En parlant ainsi, sans le savoir, j’avais scellé la fin de son respect et de son amitié pour moi. Son visage était passé de la surprise à un mépris glacé. Il me dit de m’asseoir. Il commença, d’une voix aigre, par prononcer ces mots : « Ça n’est pas une statue. Il sera homme de marbre. Et qui te parle d’âme. Je n’en suis qu’à la forme extérieure ! Et je n’ai pas fait le septième du chemin ». Recroquevillé au fond de son fauteuil, je n’osais plus bouger. Il tourna longtemps sans rien dire, de plus en plus en fureur. Puis soudain il s’accroupit et psalmodia d’indistinctes et absurdes prophéties sur l’Art, l’Œuvre fécondante et fécondée, un dieu Laïos, des poignards de marbre et de chair, les entrailles et le sang d’une mère-père, un artiste mâle et suicidé divinisé. Au summum de ces incantations, n’y comprenant rien et très effrayé par l’état mental de mon ami, je me levai, prêt à m’enfuir. Mon geste le sortit de sa transe ; il parut presque étonné de ma présence, me considéra longtemps, puis se leva lui aussi. Avec une fatigue et une tristesse immenses inscrites dans l’abandon de ses bras, dans son regard, dans toute sa chair, il me dit : « Ne reviens plus jamais ». J’ai obéi.

Il y a deux jours, un notaire me convoqua. Il m’apprit, d’abord, que Jean Delesquif était mort ; ensuite, que j’étais son exécuteur testamentaire. Beau privilège. Peu de volontés ; mais un héritage absent.

Jean demandait d’abord d’ôter la plaque de sa porte et, si minuscule soit-elle, d’en faire sa pierre tombale. « Si l’on se sert de ce testament, alors je n’aurais été que cela, lapicide », écrivait-il en guise d’explication. C’était économique, je fus zélé.

La deuxième clause exigea plus d’efforts, mais satisfit une curiosité vieille de plus de trois ans.
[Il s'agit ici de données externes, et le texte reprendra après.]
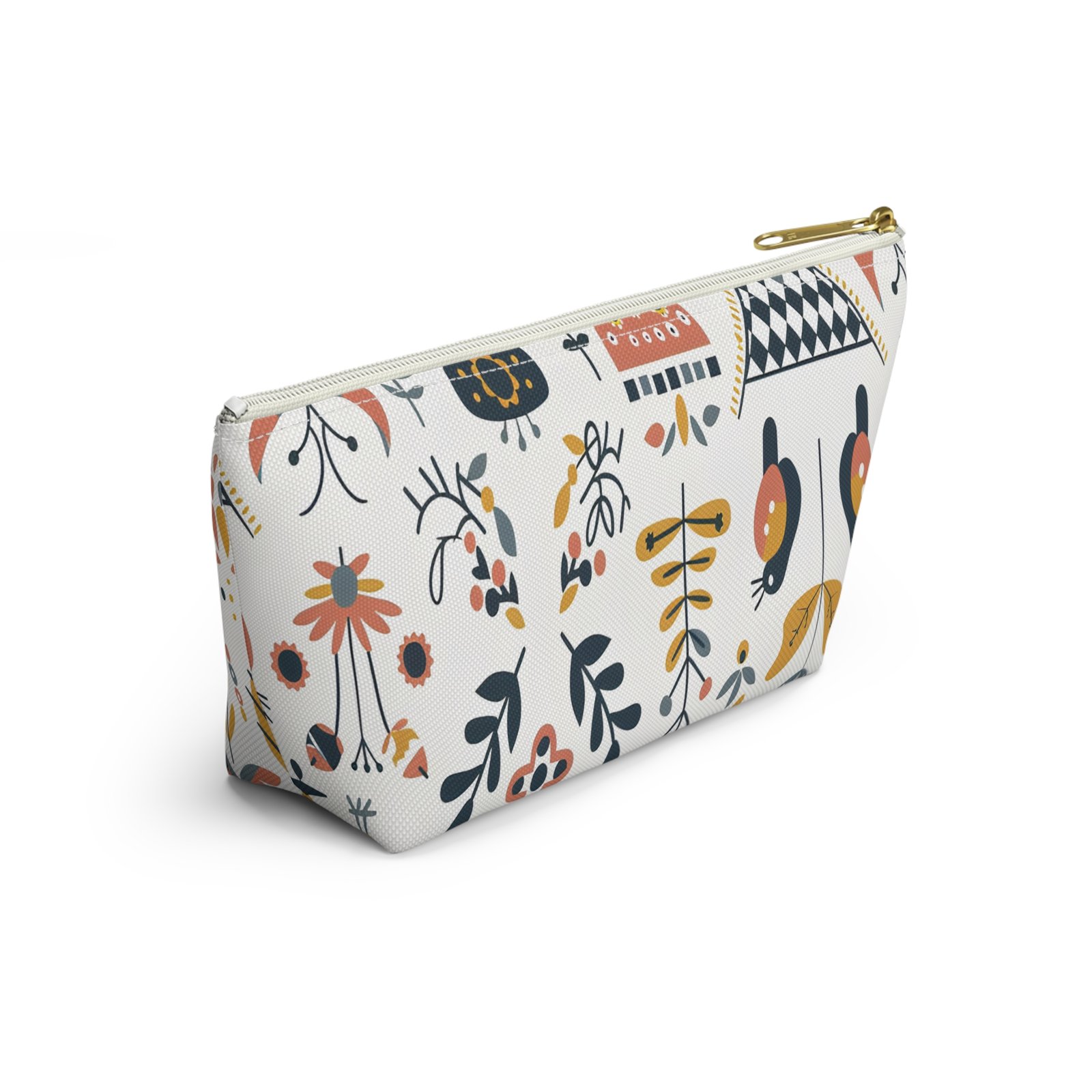 Charming Floral Accessory Pouch, Makeup Bag, Travel Organizer, Gift for Her, Cute Storage Solution - Image 19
Il voulait que je fasse « fondre ses instruments » pour les couler dans son cercueil. On ouvrit donc sa grande armoire, et je sus enfin ce qui, un jour, avait cliqueté. On trouva suspendus là des centaines d’outils métalliques invraisemblables, alignés les uns auprès des autres sur des crochets serrés. Poussière et toiles d’araignée couvraient les plus anciens et les plus grossiers, dans les rangées du haut. D’autres, aux bas étages, étaient tordus ou brisés. C’étaient des pointes de plus en plus fines et de plus en plus longues, des ciseaux de sculpteur miniatures aux formes inconnues, des lames courbes avec d’infimes variations d’axe et de longueur au fil des crochets et du temps. Avec ces objets, comme on put s’en rendre compte lorsqu’on brisa sa statue, Jean avait d’abord entrouvert les lèvres, puis séparé les dents par une fente insensible, creusé un palais aux courbes divines, modelé une langue telle que jamais langue humaine n’en caressa, traversé aussi l’espace intime entre gencives et joue, dents et lèvres ; il avait sculpté une bouche parfaite, d’année en année, une gorge parfaite, une glotte parfaite ; jusqu’au larynx, qui l’avait arrêté. A l’autre bout, un anus, un rectum parfaits, jusqu’au coude du colon. Le canal de la verge aussi était creusé sur deux décimètres. Il n’avait pu finir que les fosses nasales et les oreilles jusqu’au tympan. Ainsi son grand œuvre n’aura-t-il pas été, au fond, de faire un homme de pierre (et je compris alors comment il pouvait ne pas avoir fait le septième du chemin), mais de vouloir rendre son index infini. On fondit donc, comme il l’avait exigé, les outils de sa démesure.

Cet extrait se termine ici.